Escaping html chars in collection

Hi folks, I have imported a large amount of data, and unfortunately there’s a ton of escape chars such as & and < the original dump did this and I have not checked before importing.

Is there any function that can be used to process all documents in the collection and unescape those back to regular characters?

Thanks

Hi @Vinicius_Carvalho,

I have only briefly tested this on a small collection containing 3 sample documents so if you believe it may work for your use case / environment then I would recommend testing thoroughly on a test / duplicated environment of what you have currently imported to verify it is correct.

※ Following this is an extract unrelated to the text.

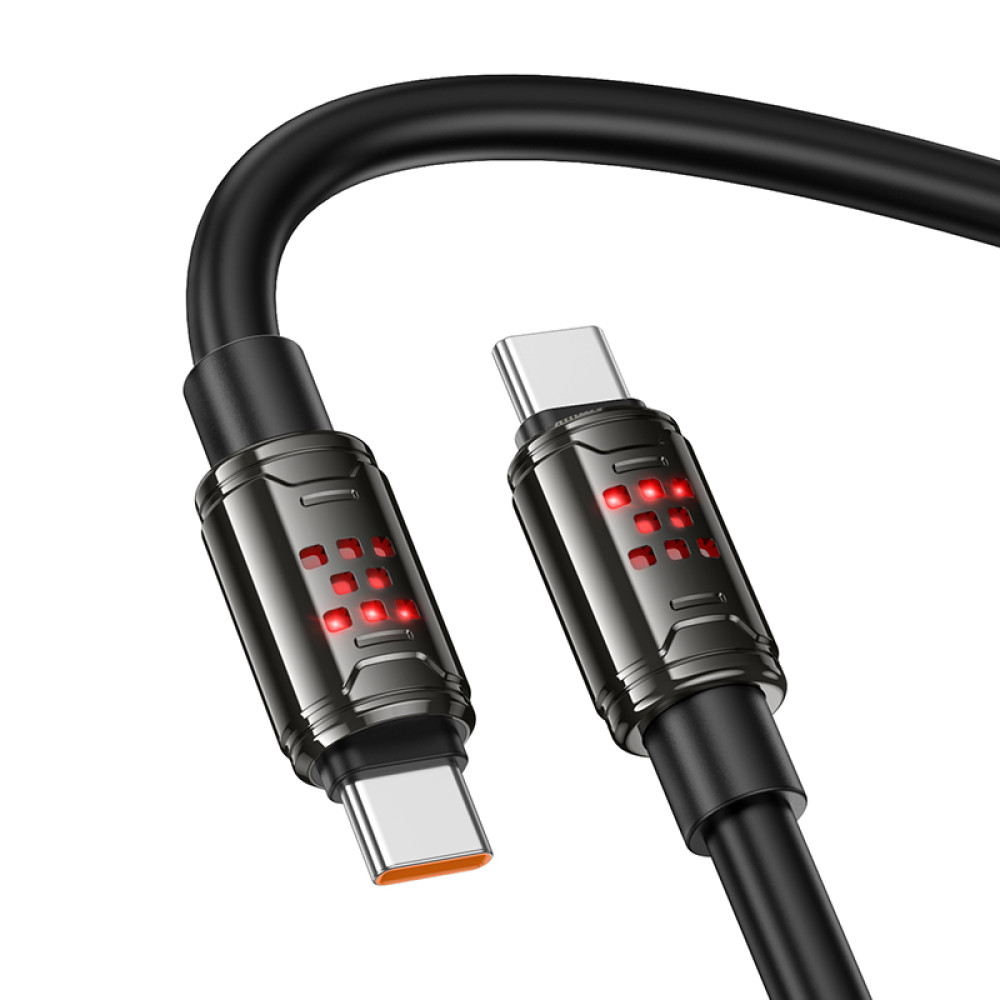 Cable Hoco U143 USB-C - USB-C PD 240W 1,2m y 6mm - Imagen 2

As an example, I have the following documents containing & and <:

DB>db.collection.find({},{_id:0,text:1})
[
  { text: '&this is some& text<' },
  { text: 'text<123' },
  { text: 'this &text< 123' }
]

Running the below update against this collection:

DB>db.collection.updateMany( {},
[
  {
    '$set': {
      text: {
        '$replaceAll': { input: '$text', find: '&', replacement: '' }
      }
    }
  },
  {
    '$set': {
      text: {
        '$replaceAll': { input: '$text', find: '<', replacement: '' }
      }
    }
  }
])
{
  acknowledged: true,
  insertedId: null,
  matchedCount: 3,
  modifiedCount: 3,
  upsertedCount: 0
}

Documents in the same collection after the above update:

DB> db.collection.find({},{_id:0,text:1})
[
  { text: 'this is some text' },
  { text: 'text123' },
  { text: 'this text 123' }
]

If you find that this does not suit your use case, please provide the following:

  • Sample documents
  • MongoDB Version in use
  • What you have attempted so far
  • Expected output

Hope this helps.

Regards,
Jason

1 Like